I was recently visiting the St Ives Tate Art Gallery (I know I am so cultured/it was raining) and came across an art work called Measuring Niagara with a Teaspoon by Cornelia Parker. The blurb about the work is based on her interest in the absurd task of measuring an enormous object with such a small object. In this case Niagara falls using a tea spoon.
So, as a performance engineer this got me thinking about how we choose the sampling period when collecting performance data. We generally believe the more granular (shortest sampling period) the better as detail is lost when data is sampled over longer periods. For example, the graphic below is for CPU utilisation sampled at different periods and as you can see the odd behavior of the CPU does not become apparent until sampling every second.
However, the shorter the sampling period the more data we collect and have to anaylse. There are often times when we don’t have the luxury of being able to collect data with a really short sampling period. In which case how do we choose the best sample period?

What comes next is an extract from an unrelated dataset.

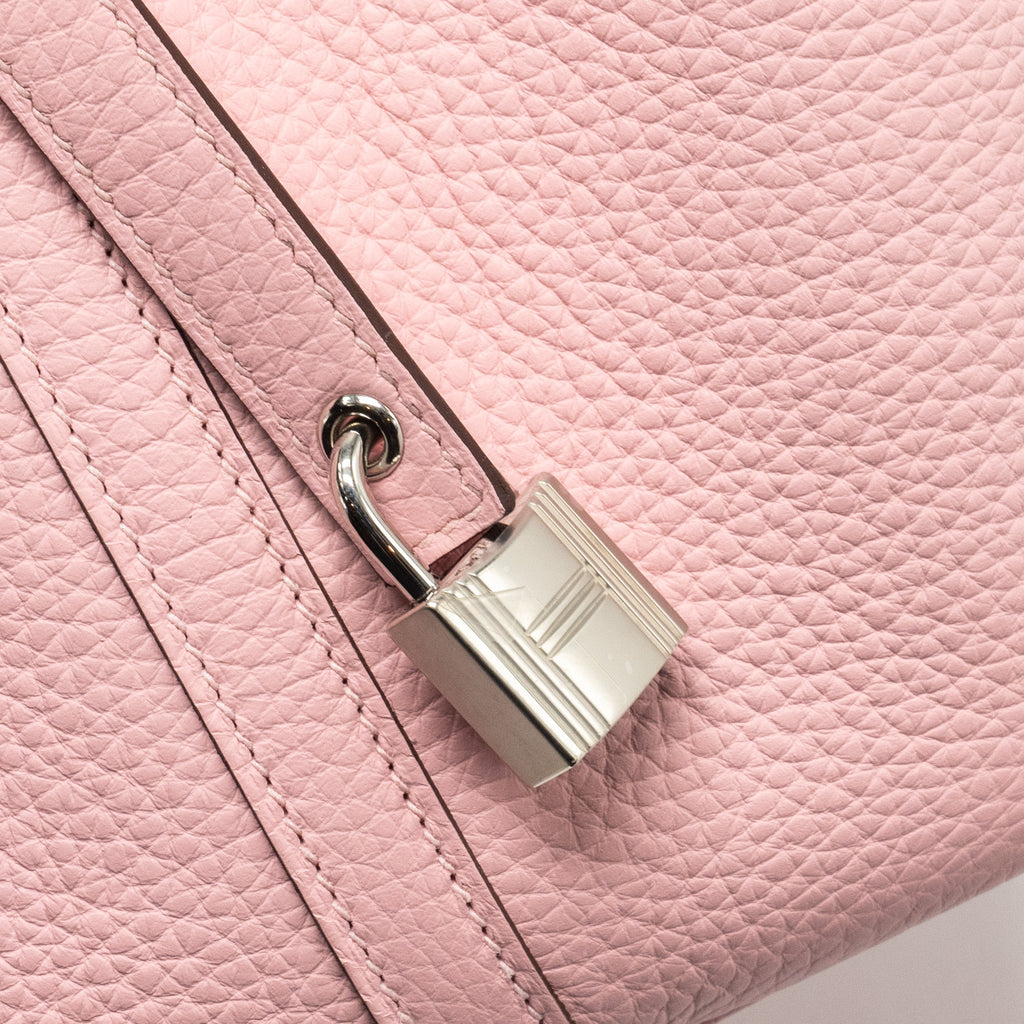 HERMES PICOTIN 22 LOCK BAG CLEMENCE ROSE SAKURA SHW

For me, it comes down to what am I looking for in the data. For example, users are complaining about an intermittent problem where for about 15 minutes during the day response time is really slow across all user transactions. The time delay in the incident reporting means I can’t rely on using a circular buffer to store a couple of hours of highly sampled data which could be flushed just after an incident. So, I need to collect day, I would live with a sampling period of about 5 to 10 minutes. This means I would have enough data to correlate changes in resource usage with when the users reported performance issues.
Another example would be for looking for reasons behind slow response times. For example we are looking for reasons the response time has increase to over 6 seconds. In that case the minimum I would accept would be 3 seconds.

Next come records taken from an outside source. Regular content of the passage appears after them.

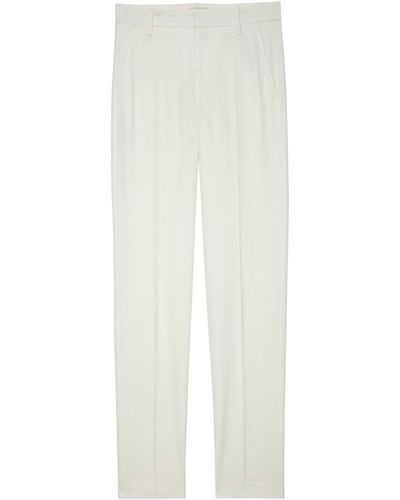 Zadig & Voltaire Prune Trousers - White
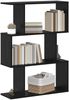 vidaXL Bücherregal Schwarz Eichen-Optik 70 x 24 x 97 cm Holzwerkstoff 879671 Bild 3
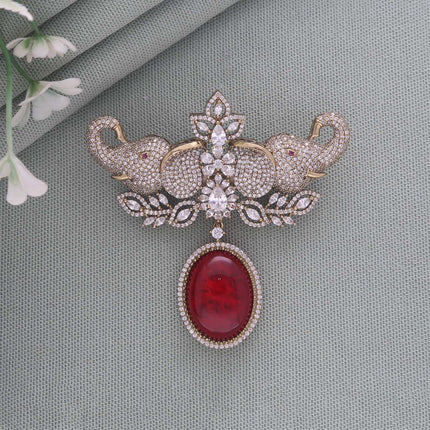 Designer Elephant Brooch - ESKU30250700
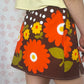 Jupe Fleurs Marron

You can see in most cases the rule I apply is at least sample at 1/2 the duration of the period of interest. Ideally I would go 1/3 the period of interest. As they say you need 3 data points to draw a curve!
There is possibly some science behind this. There is the Nyquist Theorem which is used in signal processing. It says you need to sample twice as much as the frequency of the analogue signal you are converting. There is a bit of maths to prove the theorem but basically it makes sense to think you need to have at least two data points to detect a noticeable change in the system you are sampling.